Aim of the exercise | Beginning at the line that contains "vivianlirei from Chaturbate is Freechat" and ending at the last line of the entries, write out each line exactly; include nothing outside that span.

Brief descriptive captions
# # # # # # #

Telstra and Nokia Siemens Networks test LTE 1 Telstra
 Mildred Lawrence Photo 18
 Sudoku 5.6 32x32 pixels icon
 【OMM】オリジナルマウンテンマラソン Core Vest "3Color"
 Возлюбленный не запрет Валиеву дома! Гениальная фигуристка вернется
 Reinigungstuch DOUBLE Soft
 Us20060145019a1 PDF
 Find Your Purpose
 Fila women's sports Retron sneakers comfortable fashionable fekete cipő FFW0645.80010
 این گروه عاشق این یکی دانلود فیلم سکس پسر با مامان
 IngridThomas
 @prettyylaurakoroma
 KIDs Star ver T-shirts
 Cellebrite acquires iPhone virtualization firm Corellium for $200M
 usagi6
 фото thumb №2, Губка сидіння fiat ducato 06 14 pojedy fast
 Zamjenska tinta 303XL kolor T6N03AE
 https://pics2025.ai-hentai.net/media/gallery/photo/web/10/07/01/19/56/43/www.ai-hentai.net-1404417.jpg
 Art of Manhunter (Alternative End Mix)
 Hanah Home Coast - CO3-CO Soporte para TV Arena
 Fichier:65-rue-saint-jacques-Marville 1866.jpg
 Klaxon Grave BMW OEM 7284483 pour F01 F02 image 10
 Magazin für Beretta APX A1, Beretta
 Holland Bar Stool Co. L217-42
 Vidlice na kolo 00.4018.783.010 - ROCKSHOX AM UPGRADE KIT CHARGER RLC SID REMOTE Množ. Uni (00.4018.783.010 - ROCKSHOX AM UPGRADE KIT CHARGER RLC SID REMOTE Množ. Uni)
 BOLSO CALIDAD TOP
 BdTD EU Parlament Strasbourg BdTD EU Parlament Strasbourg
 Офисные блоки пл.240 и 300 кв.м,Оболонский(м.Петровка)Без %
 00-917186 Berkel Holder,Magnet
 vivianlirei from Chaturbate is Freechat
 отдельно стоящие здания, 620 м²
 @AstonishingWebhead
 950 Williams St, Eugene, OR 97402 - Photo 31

# # # # # # #

Solved problem |
 vivianlirei from Chaturbate is Freechat
 отдельно стоящие здания, 620 м²
 @AstonishingWebhead
 950 Williams St, Eugene, OR 97402 - Photo 31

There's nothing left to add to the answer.